Figure 4. The Cdc34 E2 and SCF^Cdc4 Regulate Signaling Upstream of Ste4^Gβ

(A) TetO₇-CDC4 cells were transformed with a plasmid containing either STE11-4 (constitutively active mutant) or no insert. Cells were treated with 10µg/mL doxycycline for 15hrs and then 3µM α factor for 30min. Samples were analyzed by immunoblotting using phospho-p42/44 or G6PDH antibodies. Bar graphs represent quantification of the indicated bands. Results are the mean ± S.E. (n=3). (B) TetO₇-CDC4 cells were transformed with a plasmid containing STE4 under the control of a galactose-inducible promoter. Cells were treated with 10µg/mL doxycycline for 12hrs in medium containing either dextrose or switched to galactose (2% w/v final concentration) for 3hrs prior to α factor treatment (3µM for 30min). Samples were analyzed by immunoblotting using phospho-p42/44 or G6PDH antibodies. Bar graphs represent quantification of the indicated bands. Results are the mean ± S.E. (n=3).

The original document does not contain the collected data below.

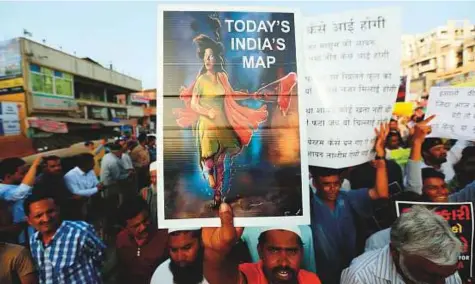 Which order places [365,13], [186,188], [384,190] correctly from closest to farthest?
[186,188], [365,13], [384,190]

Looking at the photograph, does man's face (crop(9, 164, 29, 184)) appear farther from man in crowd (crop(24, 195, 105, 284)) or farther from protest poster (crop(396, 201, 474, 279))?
protest poster (crop(396, 201, 474, 279))

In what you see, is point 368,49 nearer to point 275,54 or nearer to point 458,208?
point 275,54

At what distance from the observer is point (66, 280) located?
1502mm

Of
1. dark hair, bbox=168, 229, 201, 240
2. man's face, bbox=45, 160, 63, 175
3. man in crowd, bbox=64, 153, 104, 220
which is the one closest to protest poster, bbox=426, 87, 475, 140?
dark hair, bbox=168, 229, 201, 240

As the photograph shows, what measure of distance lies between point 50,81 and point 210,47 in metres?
0.72

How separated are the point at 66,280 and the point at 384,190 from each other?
1.51 metres

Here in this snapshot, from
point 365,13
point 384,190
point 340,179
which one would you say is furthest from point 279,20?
point 384,190

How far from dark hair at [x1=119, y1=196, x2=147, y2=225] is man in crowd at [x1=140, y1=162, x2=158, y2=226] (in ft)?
0.08

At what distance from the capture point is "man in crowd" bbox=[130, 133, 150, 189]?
1727mm

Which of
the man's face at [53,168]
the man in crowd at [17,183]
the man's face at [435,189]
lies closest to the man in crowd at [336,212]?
the man's face at [435,189]

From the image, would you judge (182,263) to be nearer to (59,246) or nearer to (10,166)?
(59,246)

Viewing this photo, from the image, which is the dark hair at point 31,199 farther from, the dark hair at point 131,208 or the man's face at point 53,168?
the dark hair at point 131,208

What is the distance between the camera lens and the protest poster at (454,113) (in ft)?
5.69

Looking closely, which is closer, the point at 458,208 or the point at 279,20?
the point at 279,20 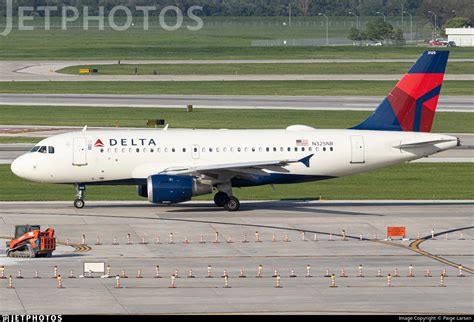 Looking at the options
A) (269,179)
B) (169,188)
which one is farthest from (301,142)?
(169,188)

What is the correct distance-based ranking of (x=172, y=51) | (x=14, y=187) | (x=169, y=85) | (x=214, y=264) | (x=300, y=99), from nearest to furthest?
1. (x=214, y=264)
2. (x=14, y=187)
3. (x=300, y=99)
4. (x=169, y=85)
5. (x=172, y=51)

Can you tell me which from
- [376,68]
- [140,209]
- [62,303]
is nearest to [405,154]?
[140,209]

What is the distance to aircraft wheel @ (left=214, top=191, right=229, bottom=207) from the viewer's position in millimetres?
59219

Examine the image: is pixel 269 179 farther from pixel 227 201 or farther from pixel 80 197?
pixel 80 197

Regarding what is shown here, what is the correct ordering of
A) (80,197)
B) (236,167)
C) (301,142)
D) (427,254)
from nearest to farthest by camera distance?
(427,254) < (236,167) < (80,197) < (301,142)

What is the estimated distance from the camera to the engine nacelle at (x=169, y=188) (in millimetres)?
Result: 56344

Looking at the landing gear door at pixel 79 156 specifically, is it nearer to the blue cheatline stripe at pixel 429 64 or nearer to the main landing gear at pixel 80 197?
the main landing gear at pixel 80 197

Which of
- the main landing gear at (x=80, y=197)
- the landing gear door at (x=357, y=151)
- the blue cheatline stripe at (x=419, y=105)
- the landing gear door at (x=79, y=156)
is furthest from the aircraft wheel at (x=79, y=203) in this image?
the blue cheatline stripe at (x=419, y=105)

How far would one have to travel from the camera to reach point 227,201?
5909cm

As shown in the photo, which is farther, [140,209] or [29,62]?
[29,62]

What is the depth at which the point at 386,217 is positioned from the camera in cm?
5669

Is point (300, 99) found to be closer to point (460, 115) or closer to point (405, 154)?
point (460, 115)

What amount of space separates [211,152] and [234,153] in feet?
4.12

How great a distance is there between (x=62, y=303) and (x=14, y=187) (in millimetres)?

Figure 5. SCF^Cdc4 Ubiquitinates Gpa1 in vitro and Facilitates its Turnover in vivo

(A) Gpa1 stability in wild-type vs. temperature-sensitive cdc4-1 mutant cells. Cultures were grown at 25°C, shifted to 37°C for 1hr, and then treated with cycloheximide (CHX) for the indicated times. Myristoylated (bottom band) and unmyristoylated (top band) Gpa1 detected by immunoblotting with Gpa1 antibodies. (B) Samples from panel (A) analyzed with Sst2 antibodies. (C and D) The intensity of bands from (A) and (B), analyzed by densitometry. Results are the mean ± S.E. (n=3). (E) In vitro ubiquitination of Gpa1. Purified Gpa1-Flag was incubated with purified SCF^Cdc4 complex (Flag-Skp1/Cdc53/Myc-Rbx1/Cdc4), His6-Uba1, His6-Cdc34, and ubiquitin as indicated, followed by SDS-PAGE and immunoblotting. Unmodified (Gpa1) and ubiquitinated (Gpa1-(Ub)_n) Gpa1 protein was visualized with Gpa1 antibodies. Membranes were also probed with Cdc4 antibodies and Cdc53 antibodies. (F) In vitro ubiquitination using Lys-less ubiquitin (Ub^0K). Reactions contain either Gpa1 or Gpa1^Δ128-236, a mutant form of Gpa1 lacking the ubiquitinated subdomain. (G) In vitro ubiquitination of Gpa1 using Ub^0K and SCF complexes containing either Cdc4 or Met30 as indicated. Note that Met30 appears to bind weakly to Gpa1 but does not sustain Gpa1 ubiquitination (Figure S4B). See also Figure S4.

Figure 6. The Pheromone Response Pathway

The Cdc34/SCF complex targets several known substrates in the pheromone response pathway. Known substrates of Cdc34/SCF are shown in dark grey. Likely substrates of the SCF are shown in light grey. SCF^Cdc4 substrates that have been verified using in vitro ubiquitination assays are designated with an asterisk (*).